* [WHAT YOU NEED TO DO]:
Please return exactly the lines below that run from the line with "Condition Electric Conditioner" through the end of the listing, both included, but not the pictures.

(Beginning of STORED DATA)

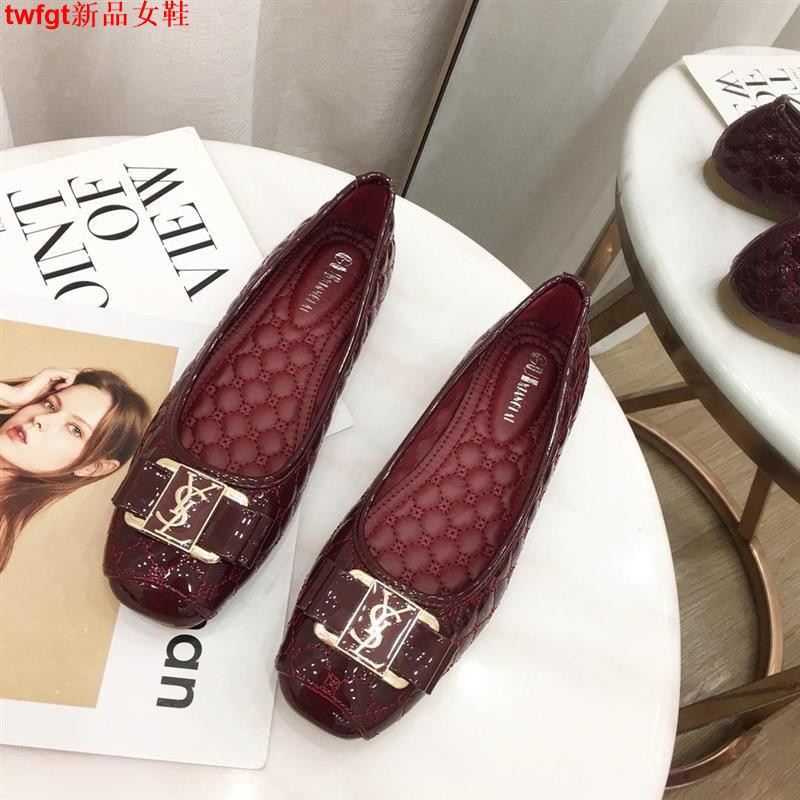 [ Mã 66CBSALE giảm 30K đơn 200K] Giày Búp Bê Mũi Vuông Thời Trang Cho Nữ | BigBuy360 - bigbuy360.vn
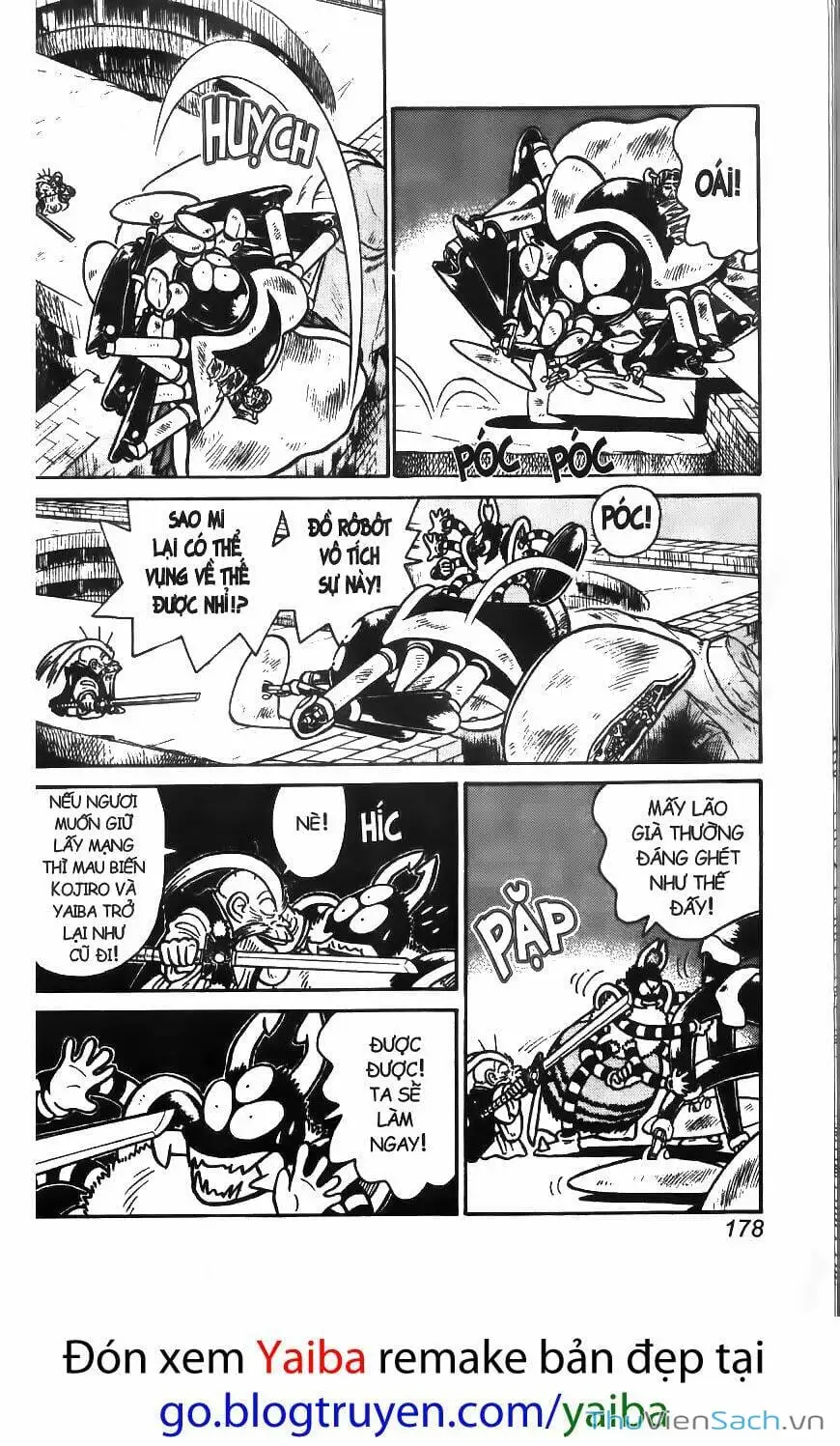 Truyện Tranh Kiếm Sĩ Yaiba trang 5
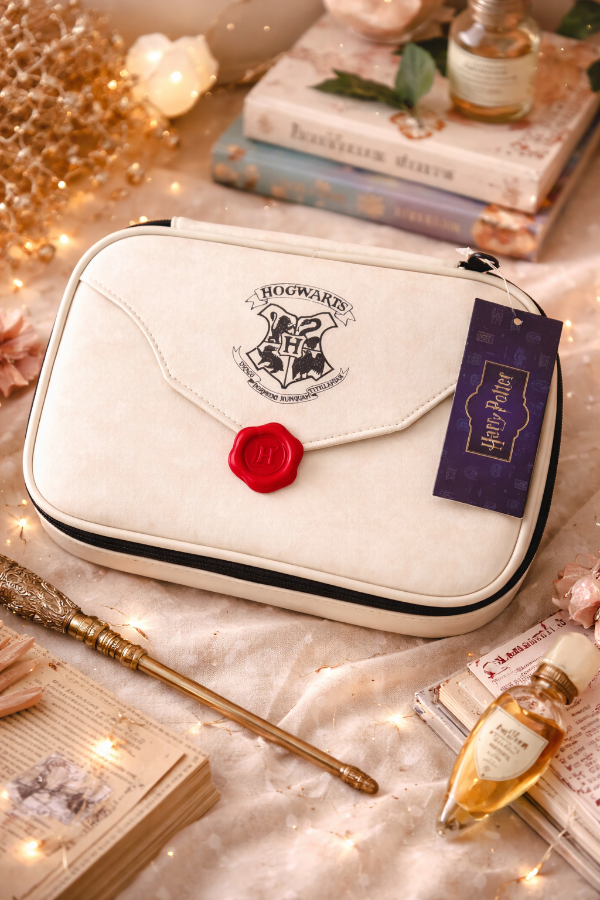 Producto - Cartuchera Original Harry Potter carta de Hogwarts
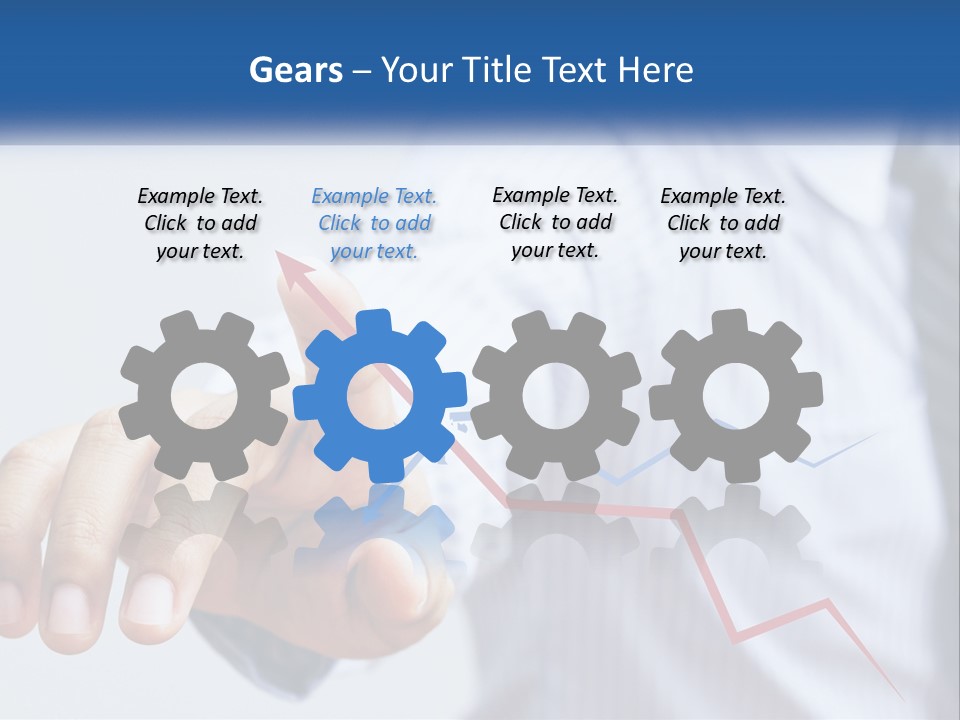 Condition Electric Conditioner PowerPoint Template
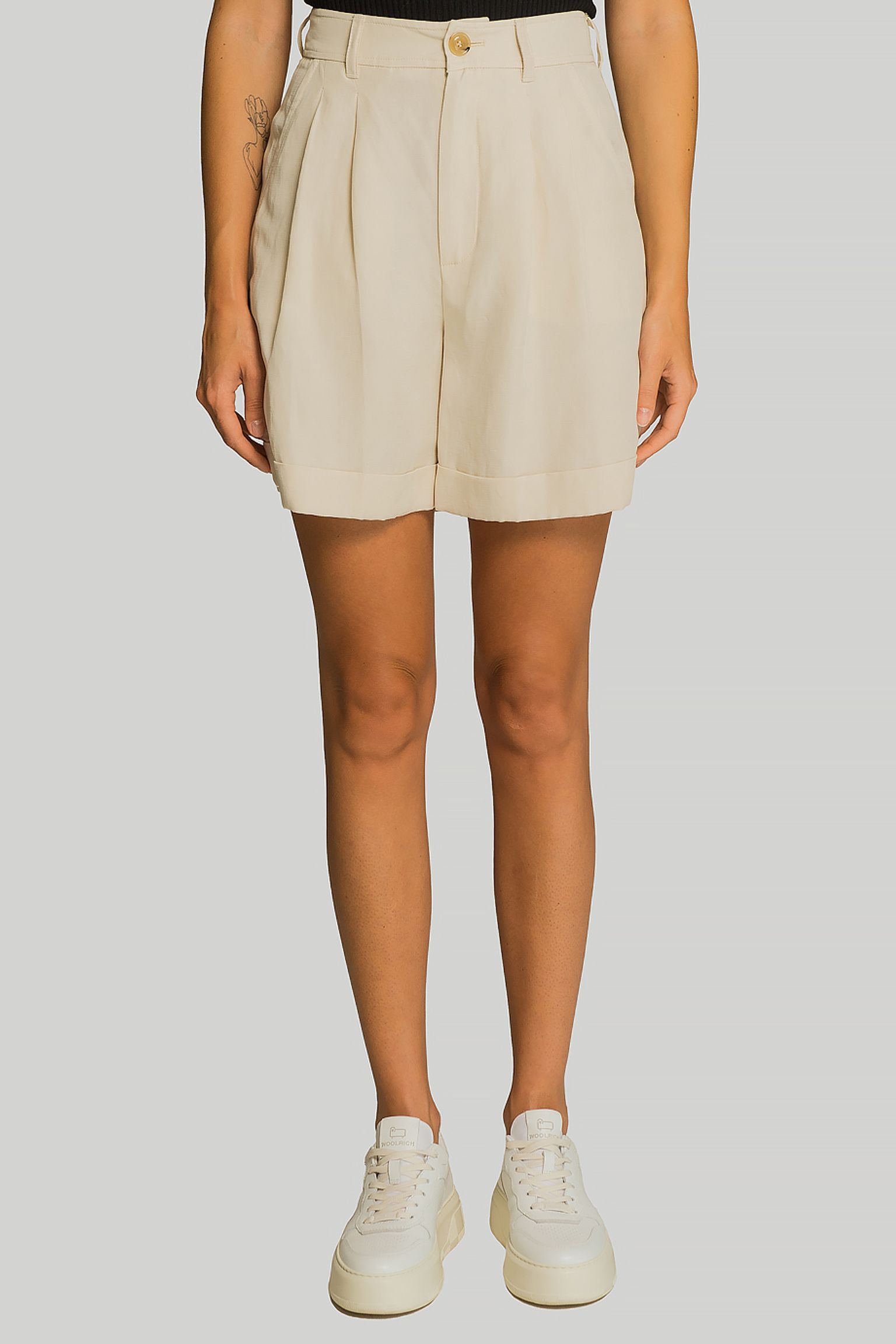 Шорти Woolrich VISCOSE LINEN SHORT купити в Україні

(End of STORED DATA)

* [ANSWER SECTION]:
 Condition Electric Conditioner PowerPoint Template
 Шорти Woolrich VISCOSE LINEN SHORT купити в Україні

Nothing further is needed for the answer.